> **Work item**
Please output all of the entries exactly and omit any images they hold.

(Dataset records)

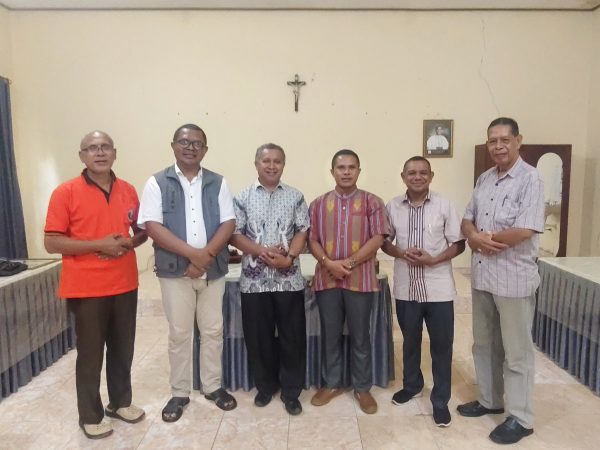 Komisi Kepemudaan Keuskupan Atambua Gelar Rapat Terbatas Bahas Agenda Penerbitan Buku Pendampingan OMK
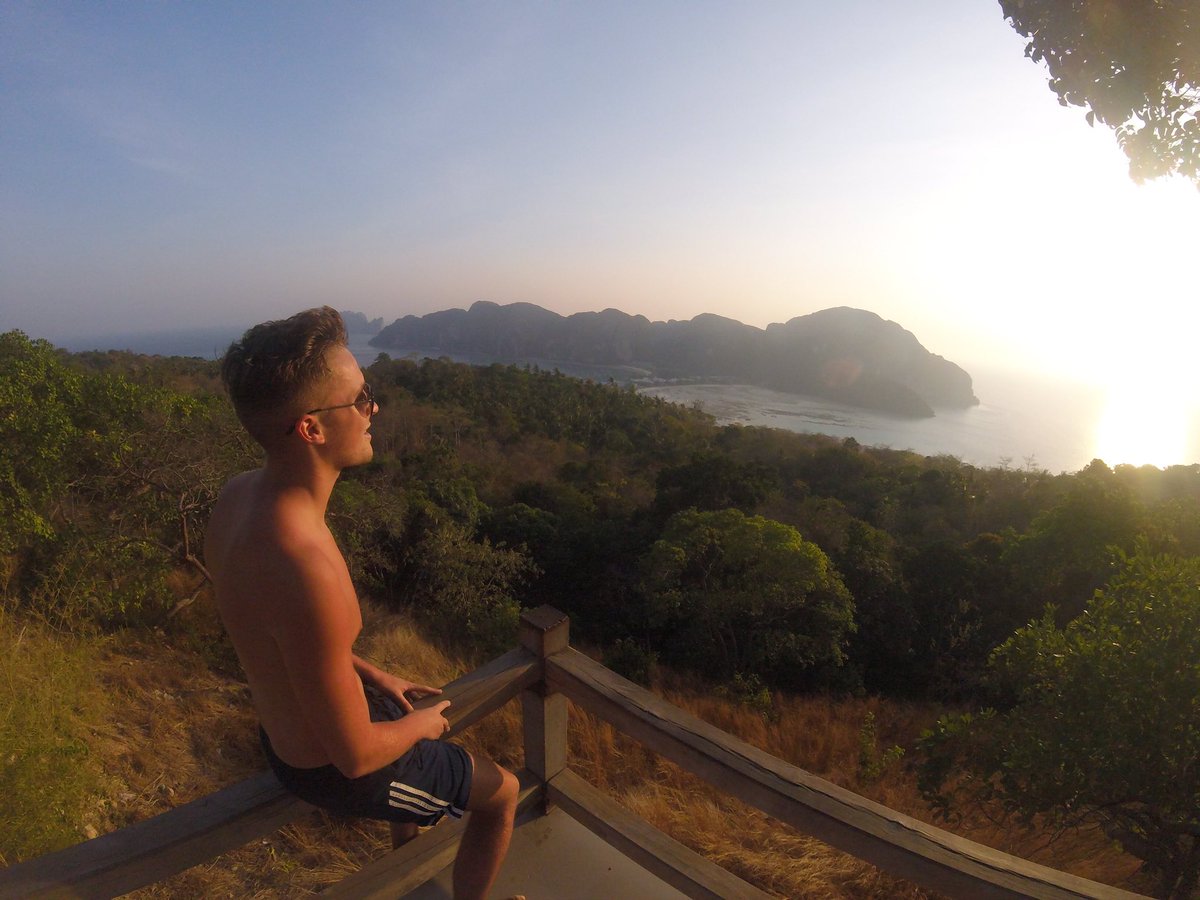 Harry_Chapman97's tweet photo. Falling in love with this place😍 https://t.co/uhE4a0wKZr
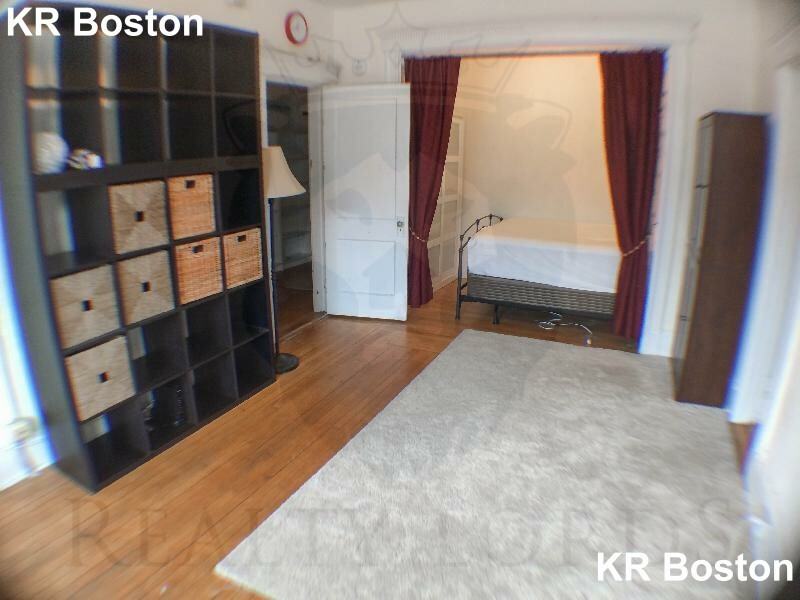 Hemenway St. & Symphony Rd #34 - Photo 2 of 13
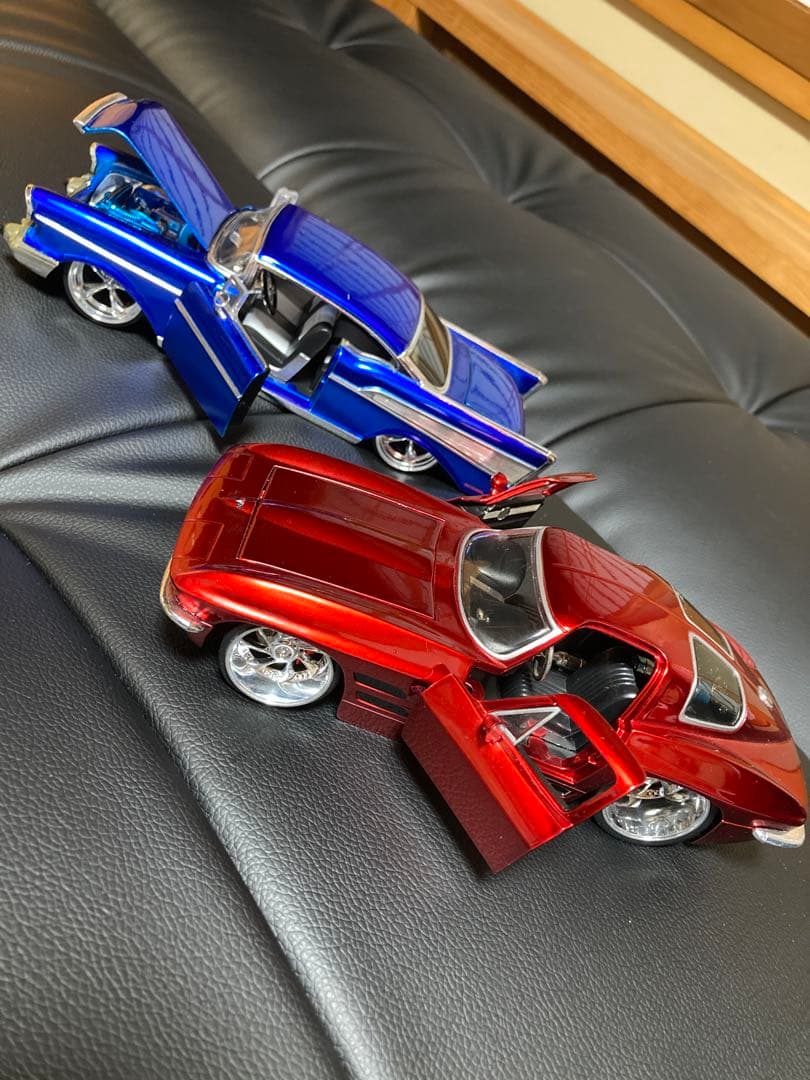 シボレーベルエア　コルベットミニカー 1/24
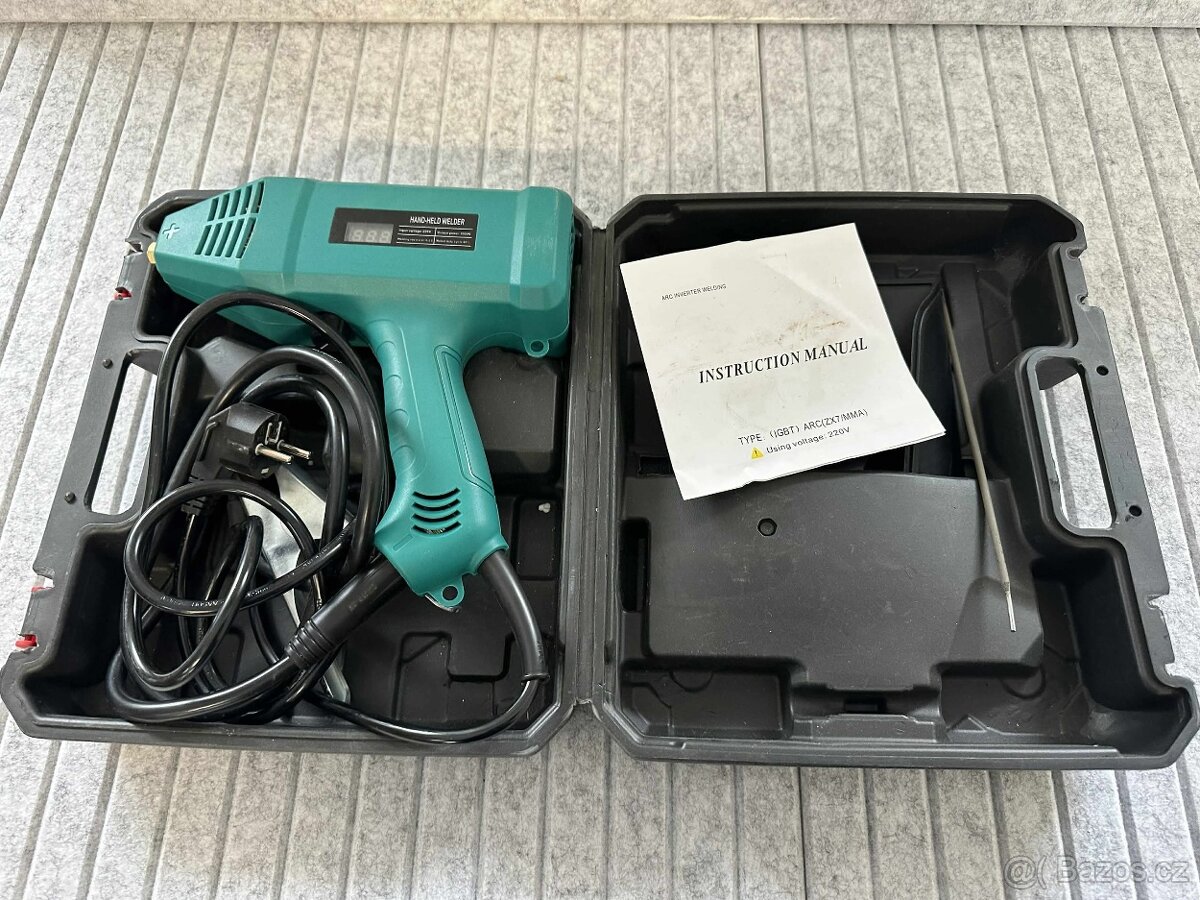 MMA svářečku (412)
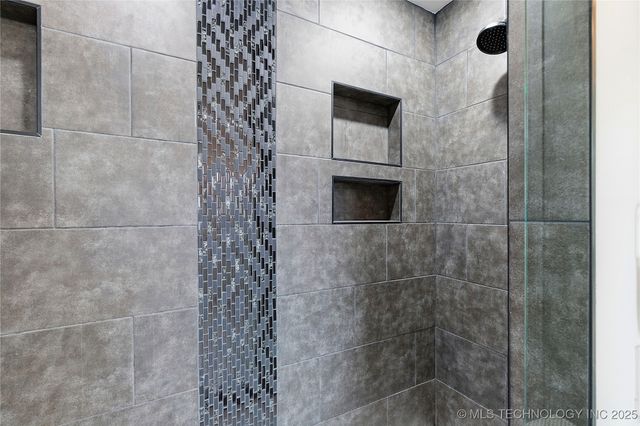 3701 S Canton Avenue, Tulsa, OK 74135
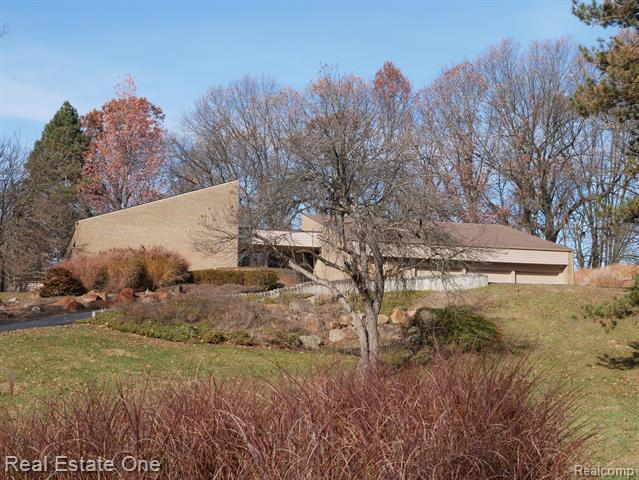 Builiding view three for 854 Northgate, Rochester, MI. 48306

> **Exercise answer**
 Komisi Kepemudaan Keuskupan Atambua Gelar Rapat Terbatas Bahas Agenda Penerbitan Buku Pendampingan OMK
 Harry_Chapman97's tweet photo. Falling in love with this place😍 https://t.co/uhE4a0wKZr
 Hemenway St. & Symphony Rd #34 - Photo 2 of 13
 シボレーベルエア　コルベットミニカー 1/24
 MMA svářečku (412)
 3701 S Canton Avenue, Tulsa, OK 74135
 Builiding view three for 854 Northgate, Rochester, MI. 48306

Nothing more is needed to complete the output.